The data:
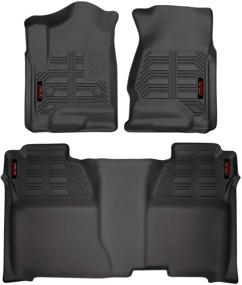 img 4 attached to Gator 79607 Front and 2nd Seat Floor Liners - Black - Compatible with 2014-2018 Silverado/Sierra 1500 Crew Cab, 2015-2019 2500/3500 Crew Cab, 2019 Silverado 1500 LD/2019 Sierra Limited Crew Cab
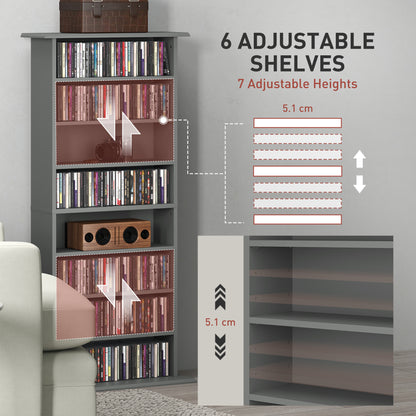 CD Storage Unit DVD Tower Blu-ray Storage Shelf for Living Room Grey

---

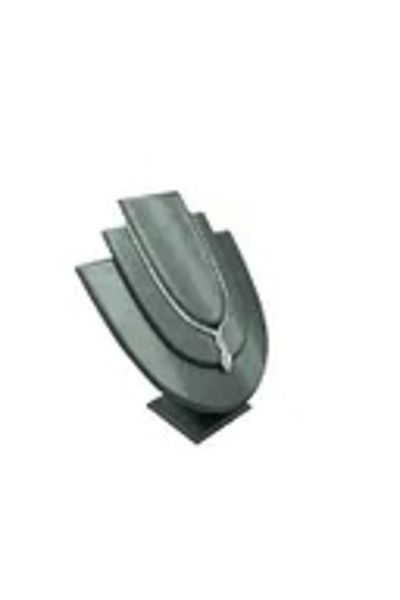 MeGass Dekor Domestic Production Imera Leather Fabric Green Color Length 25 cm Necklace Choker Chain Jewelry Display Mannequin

---

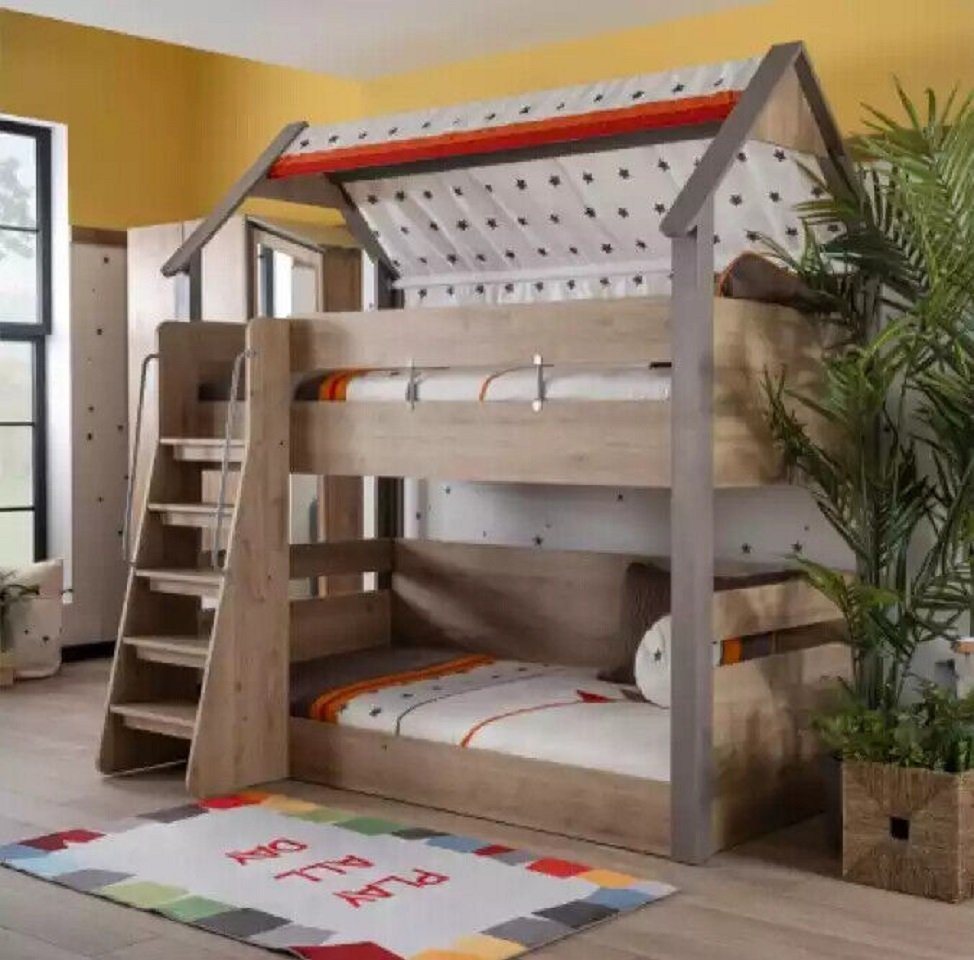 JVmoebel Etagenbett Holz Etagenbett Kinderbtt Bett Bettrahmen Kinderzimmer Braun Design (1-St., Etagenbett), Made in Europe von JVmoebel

Exercise instructions: Exercise for the records above: copy only the lines from the one with "img 4 attached" to the one with "CD Storage Unit", both ends kept, and drop the pictures.

Expected answer:
 img 4 attached to Gator 79607 Front and 2nd Seat Floor Liners - Black - Compatible with 2014-2018 Silverado/Sierra 1500 Crew Cab, 2015-2019 2500/3500 Crew Cab, 2019 Silverado 1500 LD/2019 Sierra Limited Crew Cab
 CD Storage Unit DVD Tower Blu-ray Storage Shelf for Living Room Grey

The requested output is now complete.